- Entries supplied
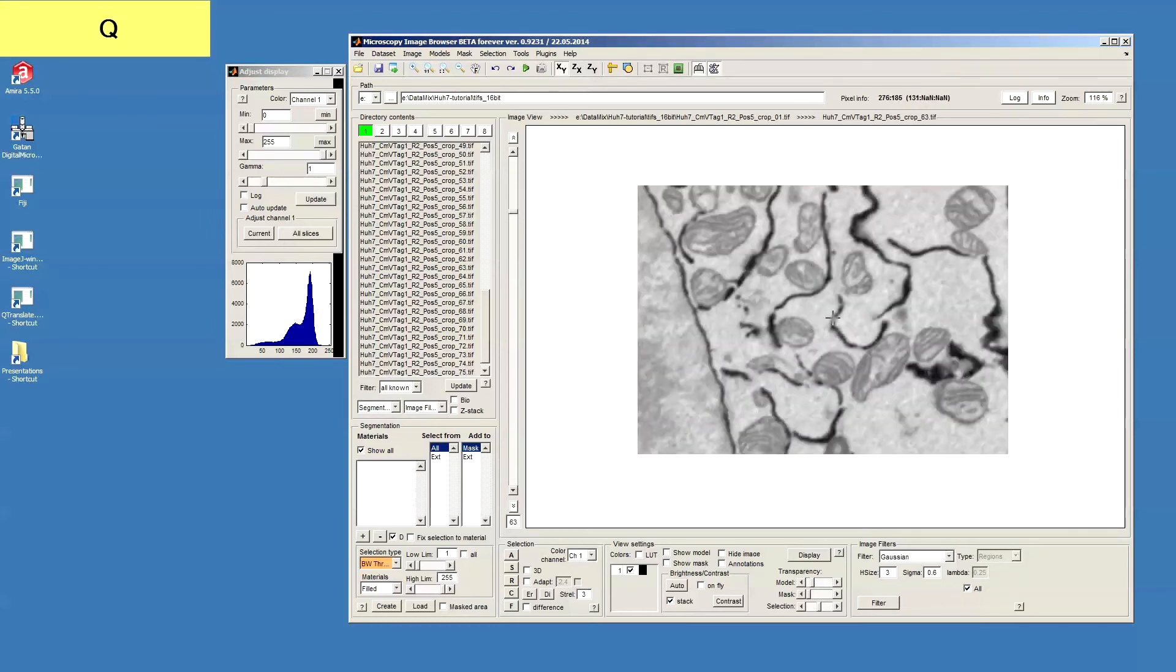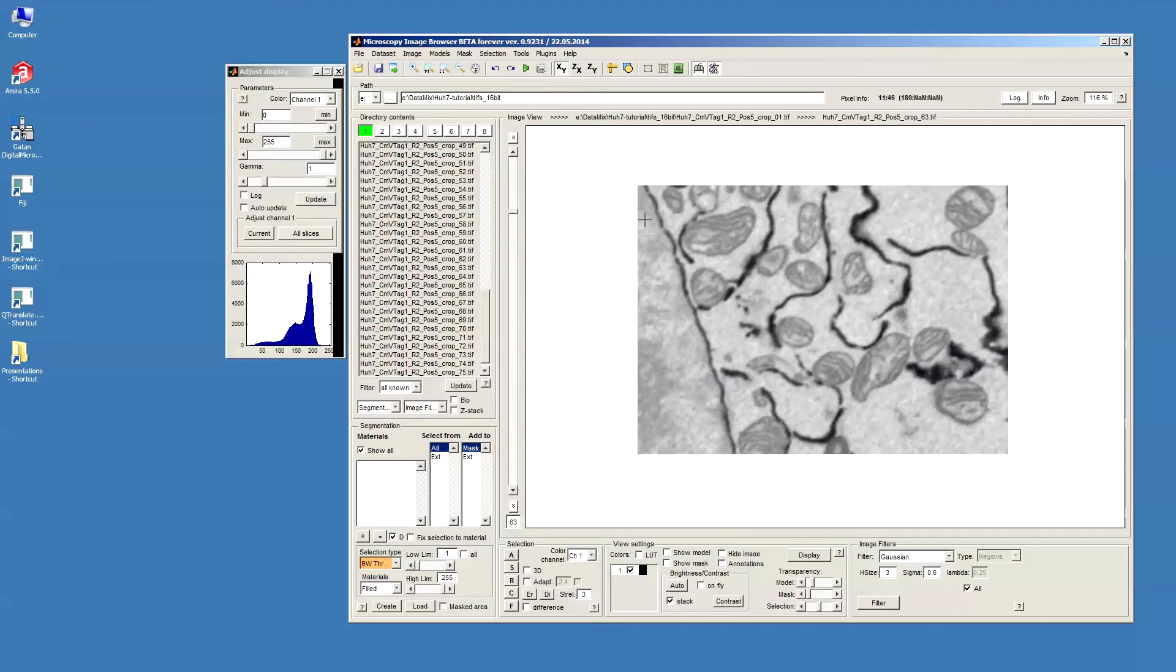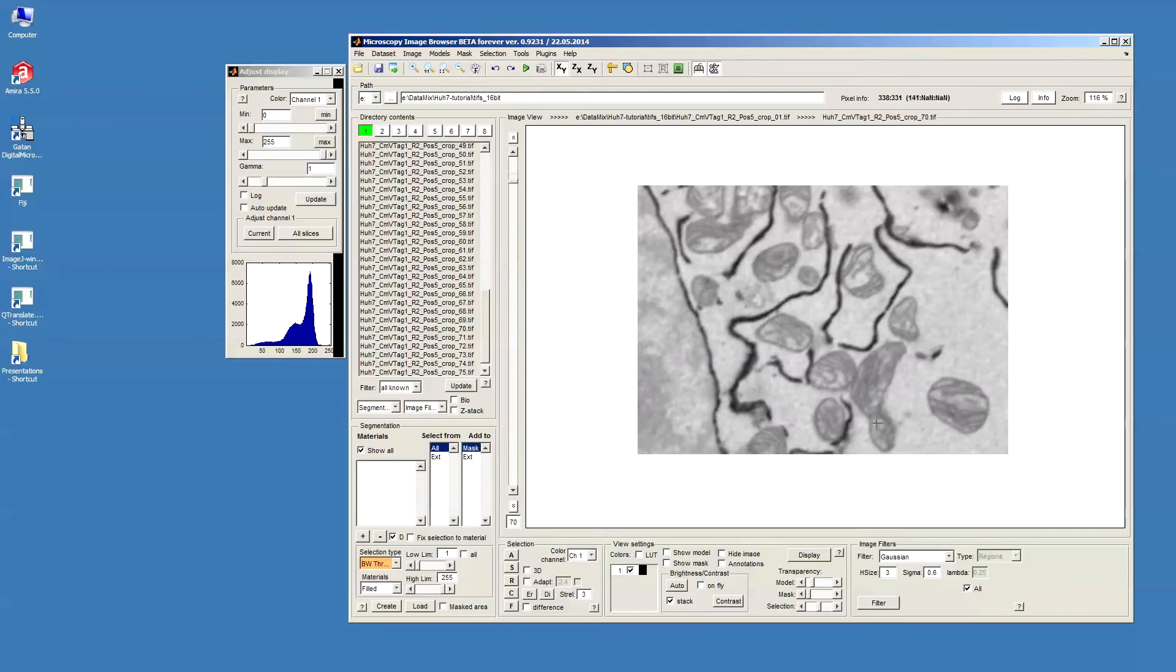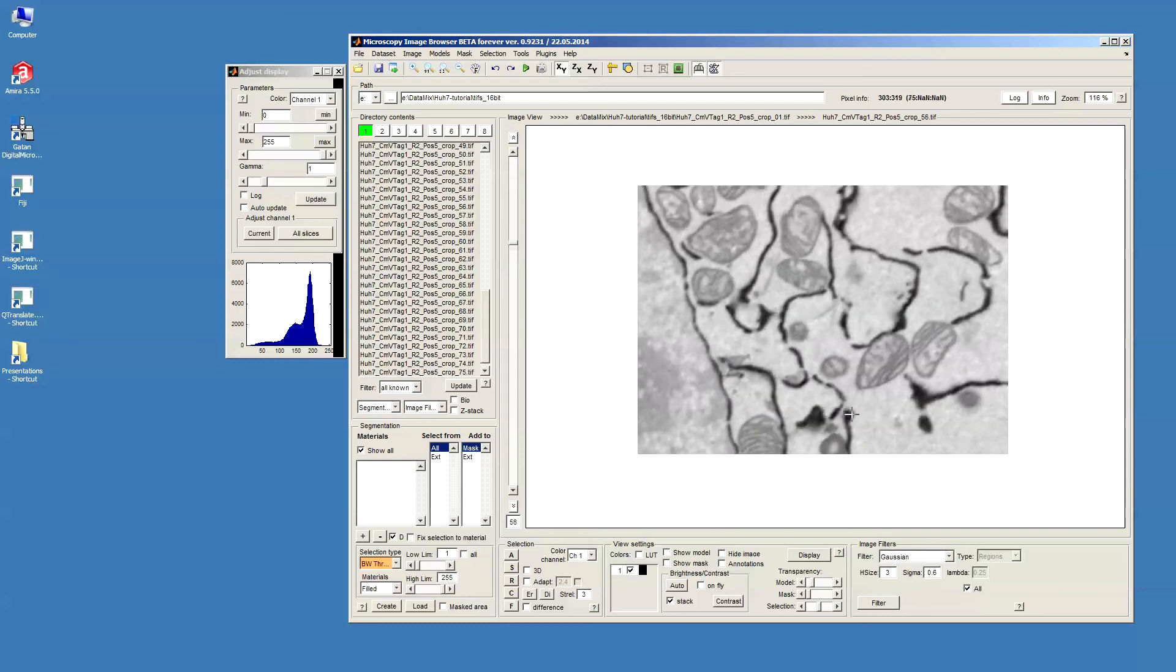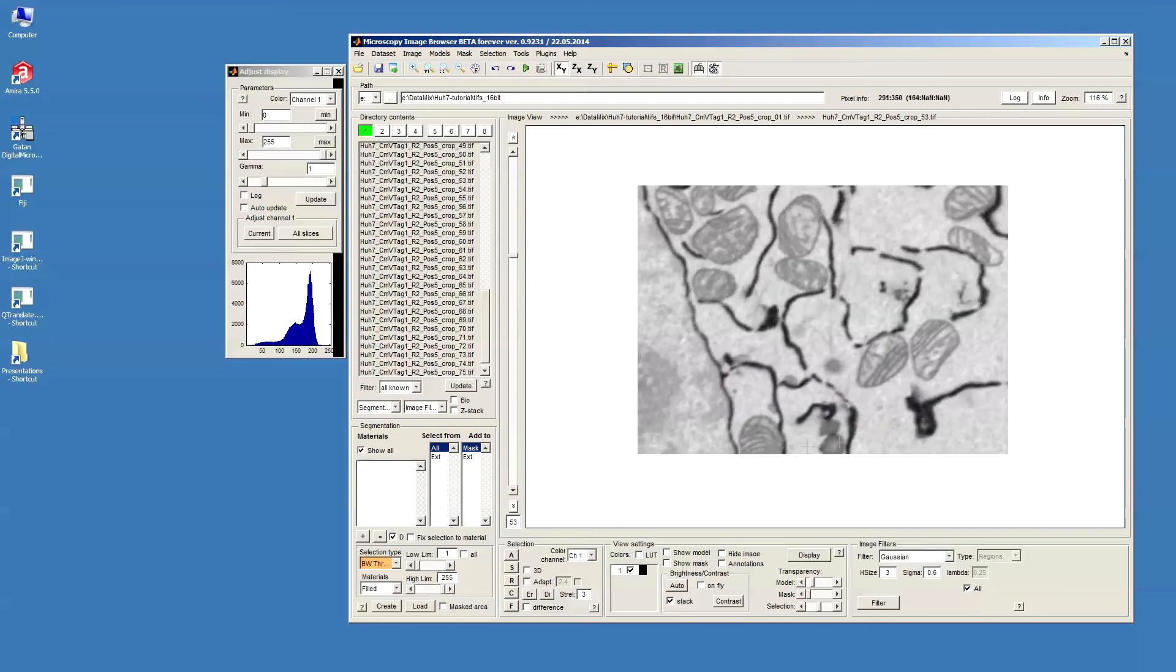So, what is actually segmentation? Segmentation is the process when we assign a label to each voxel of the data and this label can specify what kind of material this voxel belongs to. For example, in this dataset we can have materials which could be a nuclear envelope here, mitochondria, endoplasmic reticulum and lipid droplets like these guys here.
---
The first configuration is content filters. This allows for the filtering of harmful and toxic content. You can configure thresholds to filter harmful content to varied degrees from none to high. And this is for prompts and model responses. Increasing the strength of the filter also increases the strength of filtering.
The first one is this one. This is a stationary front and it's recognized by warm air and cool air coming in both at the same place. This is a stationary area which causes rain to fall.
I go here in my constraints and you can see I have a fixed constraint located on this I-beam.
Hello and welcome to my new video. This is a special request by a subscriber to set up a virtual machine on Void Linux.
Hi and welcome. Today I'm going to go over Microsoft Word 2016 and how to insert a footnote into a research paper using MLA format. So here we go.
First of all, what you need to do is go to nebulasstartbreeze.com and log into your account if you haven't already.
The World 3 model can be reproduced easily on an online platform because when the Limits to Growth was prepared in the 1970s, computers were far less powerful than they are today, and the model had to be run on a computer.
---
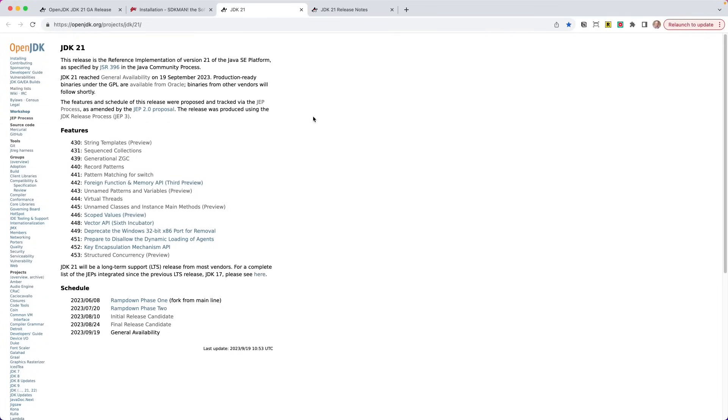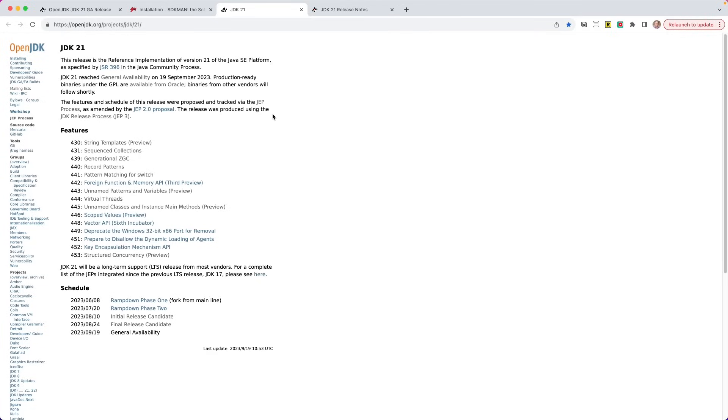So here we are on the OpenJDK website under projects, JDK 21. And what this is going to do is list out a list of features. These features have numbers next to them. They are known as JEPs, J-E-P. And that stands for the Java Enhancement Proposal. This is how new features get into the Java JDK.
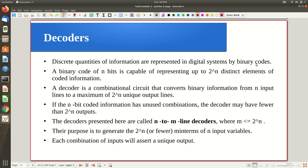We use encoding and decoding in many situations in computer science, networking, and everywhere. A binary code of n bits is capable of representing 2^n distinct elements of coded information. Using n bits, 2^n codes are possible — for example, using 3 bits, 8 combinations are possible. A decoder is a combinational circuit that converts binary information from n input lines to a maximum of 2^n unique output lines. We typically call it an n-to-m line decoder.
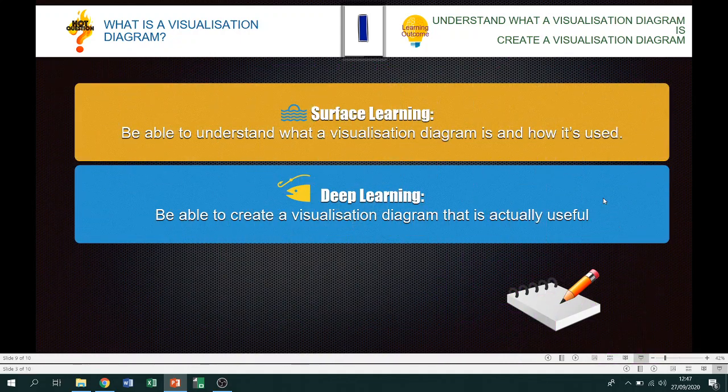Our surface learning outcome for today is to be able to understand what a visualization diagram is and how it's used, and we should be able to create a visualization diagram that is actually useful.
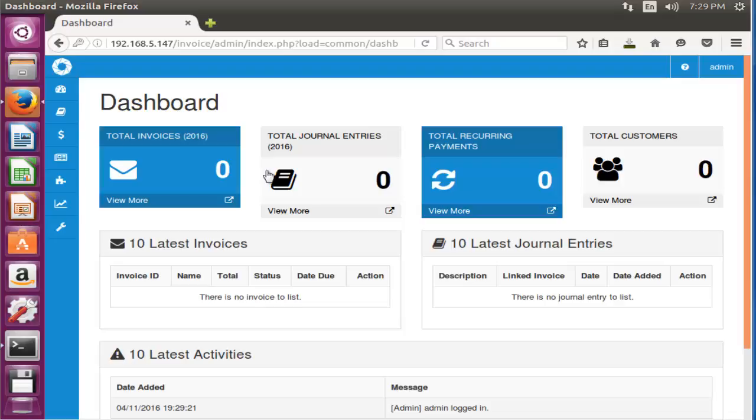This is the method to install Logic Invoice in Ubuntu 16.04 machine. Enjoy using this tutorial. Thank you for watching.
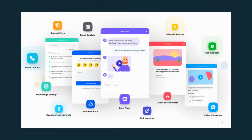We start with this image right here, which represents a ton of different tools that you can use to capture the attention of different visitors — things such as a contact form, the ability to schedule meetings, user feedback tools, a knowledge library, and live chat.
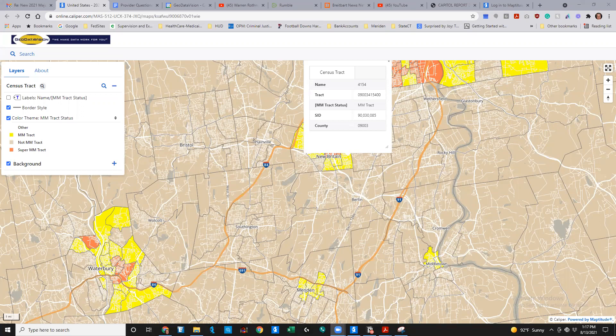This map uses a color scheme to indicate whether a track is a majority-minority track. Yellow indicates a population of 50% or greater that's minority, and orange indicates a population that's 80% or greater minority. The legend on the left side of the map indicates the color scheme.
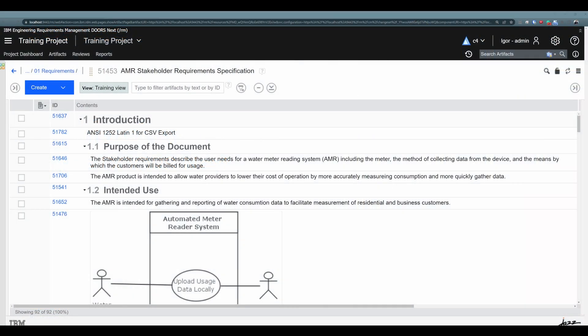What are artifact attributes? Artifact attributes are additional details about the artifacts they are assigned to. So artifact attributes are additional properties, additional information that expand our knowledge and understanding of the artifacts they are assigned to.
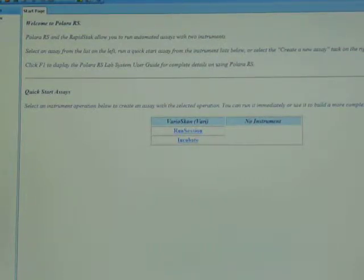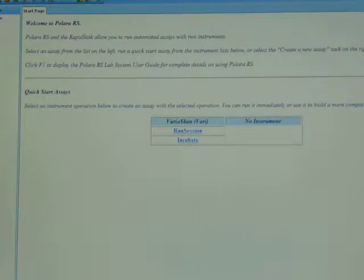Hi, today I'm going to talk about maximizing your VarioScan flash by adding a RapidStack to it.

- Exercise objective
Above are the entries. Output exactly the lines beginning with the line that has "Hi and welcome." and ending with the line that has "The World 3".

- Answer box
Hi and welcome. Today I'm going to go over Microsoft Word 2016 and how to insert a footnote into a research paper using MLA format. So here we go.
First of all, what you need to do is go to nebulasstartbreeze.com and log into your account if you haven't already.
The World 3 model can be reproduced easily on an online platform because when the Limits to Growth was prepared in the 1970s, computers were far less powerful than they are today, and the model had to be run on a computer.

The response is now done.